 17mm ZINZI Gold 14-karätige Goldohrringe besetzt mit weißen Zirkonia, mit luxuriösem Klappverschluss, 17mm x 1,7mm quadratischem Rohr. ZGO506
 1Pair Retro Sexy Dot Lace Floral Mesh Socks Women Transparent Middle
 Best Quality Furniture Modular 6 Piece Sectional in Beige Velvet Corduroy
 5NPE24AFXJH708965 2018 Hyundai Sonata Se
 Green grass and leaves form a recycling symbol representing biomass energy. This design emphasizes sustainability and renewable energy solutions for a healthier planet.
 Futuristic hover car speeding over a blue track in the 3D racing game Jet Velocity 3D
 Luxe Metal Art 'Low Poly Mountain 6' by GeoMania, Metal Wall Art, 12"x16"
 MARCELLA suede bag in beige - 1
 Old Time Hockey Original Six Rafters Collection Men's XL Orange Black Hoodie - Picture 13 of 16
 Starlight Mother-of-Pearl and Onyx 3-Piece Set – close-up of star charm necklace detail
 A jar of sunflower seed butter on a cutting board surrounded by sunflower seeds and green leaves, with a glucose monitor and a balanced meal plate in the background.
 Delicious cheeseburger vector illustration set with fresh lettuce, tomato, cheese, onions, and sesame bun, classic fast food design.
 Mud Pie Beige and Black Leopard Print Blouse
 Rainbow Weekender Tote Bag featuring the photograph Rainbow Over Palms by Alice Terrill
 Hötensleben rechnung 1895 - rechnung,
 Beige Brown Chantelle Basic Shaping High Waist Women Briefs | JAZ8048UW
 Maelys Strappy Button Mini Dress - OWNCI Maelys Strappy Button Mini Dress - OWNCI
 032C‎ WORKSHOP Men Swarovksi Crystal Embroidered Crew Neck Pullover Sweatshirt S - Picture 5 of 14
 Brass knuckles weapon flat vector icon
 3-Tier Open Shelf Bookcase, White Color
--- --- ---
*PROBLEM REQUIREMENTS*
Going back to the entries above, set down exactly the lines that begin at the one with "Old Time Hockey" and end at the one with "Rainbow Weekender Tote", both included, and nothing else.

*RESPONSE BOX*
 Old Time Hockey Original Six Rafters Collection Men's XL Orange Black Hoodie - Picture 13 of 16
 Starlight Mother-of-Pearl and Onyx 3-Piece Set – close-up of star charm necklace detail
 A jar of sunflower seed butter on a cutting board surrounded by sunflower seeds and green leaves, with a glucose monitor and a balanced meal plate in the background.
 Delicious cheeseburger vector illustration set with fresh lettuce, tomato, cheese, onions, and sesame bun, classic fast food design.
 Mud Pie Beige and Black Leopard Print Blouse
 Rainbow Weekender Tote Bag featuring the photograph Rainbow Over Palms by Alice Terrill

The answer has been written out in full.